** EXERCISE INPUTS follows **

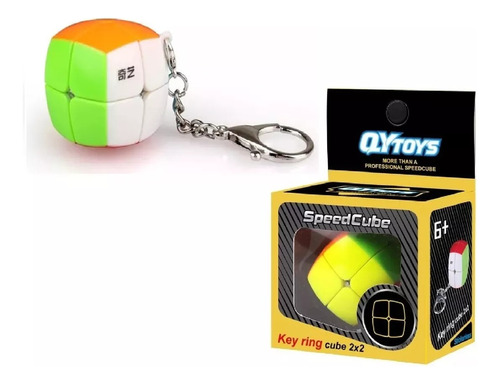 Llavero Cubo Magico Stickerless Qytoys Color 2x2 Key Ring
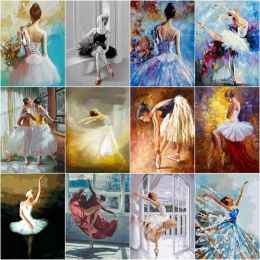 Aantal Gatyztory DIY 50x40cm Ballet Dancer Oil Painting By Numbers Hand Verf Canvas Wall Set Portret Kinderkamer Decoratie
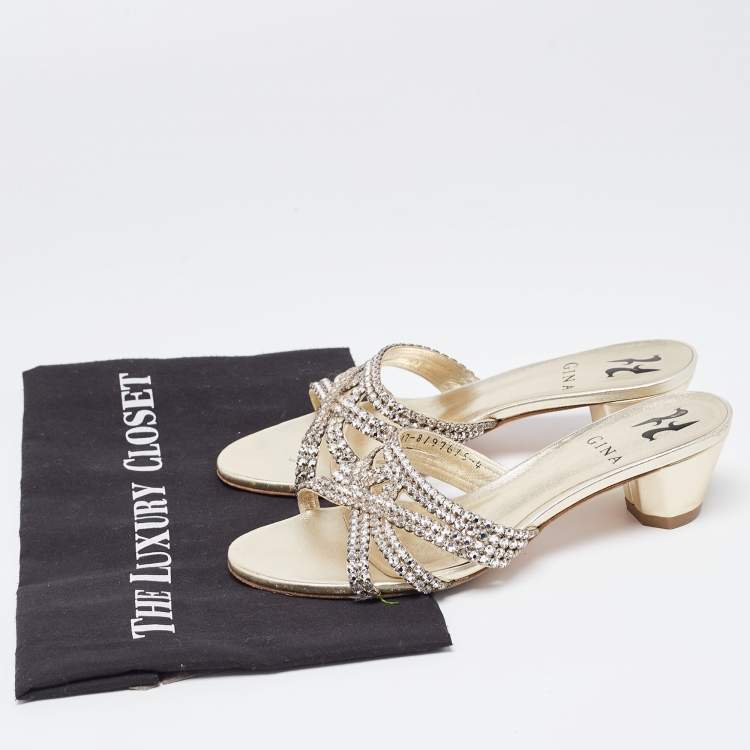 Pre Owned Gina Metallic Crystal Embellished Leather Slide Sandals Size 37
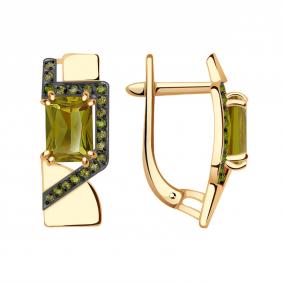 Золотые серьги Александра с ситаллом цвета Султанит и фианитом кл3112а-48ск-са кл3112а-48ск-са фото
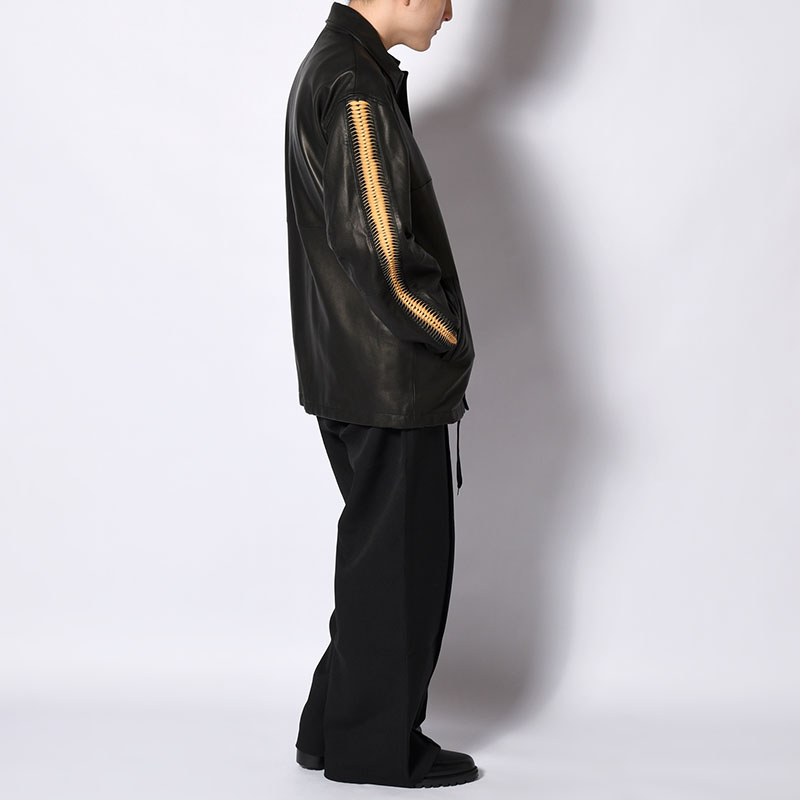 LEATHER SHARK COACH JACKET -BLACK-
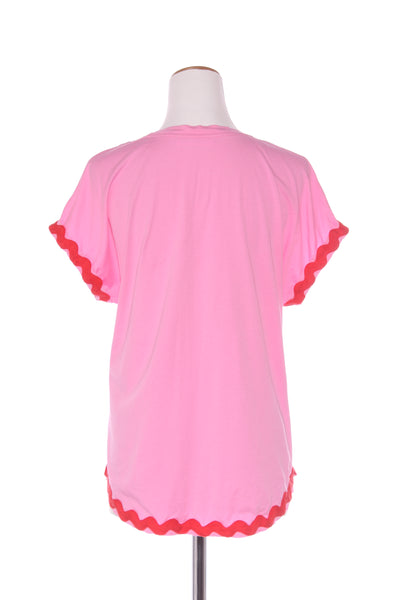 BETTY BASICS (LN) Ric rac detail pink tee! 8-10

** End of EXERCISE INPUTS **
** EXERCISE INPUTS follows **

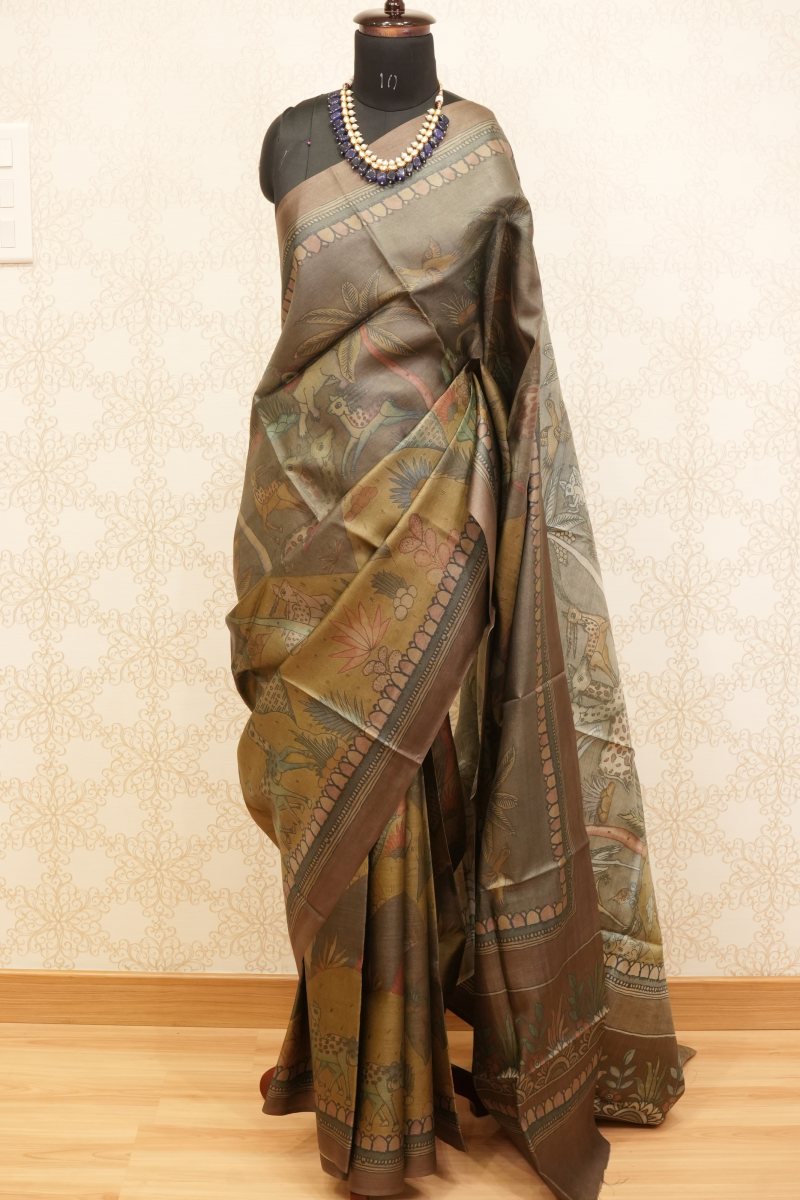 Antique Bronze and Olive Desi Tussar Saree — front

** End of EXERCISE INPUTS **

WHAT THIS TASK INVOLVES - Within these entries, output exactly the lines starting at the one with "Llavero Cubo Magico" and finishing at the one with "BETTY BASICS (LN)". Leave pictures out of the output.

ANSWER BELOW -
 Llavero Cubo Magico Stickerless Qytoys Color 2x2 Key Ring
 Aantal Gatyztory DIY 50x40cm Ballet Dancer Oil Painting By Numbers Hand Verf Canvas Wall Set Portret Kinderkamer Decoratie
 Pre Owned Gina Metallic Crystal Embellished Leather Slide Sandals Size 37
 Золотые серьги Александра с ситаллом цвета Султанит и фианитом кл3112а-48ск-са кл3112а-48ск-са фото
 LEATHER SHARK COACH JACKET -BLACK-
 BETTY BASICS (LN) Ric rac detail pink tee! 8-10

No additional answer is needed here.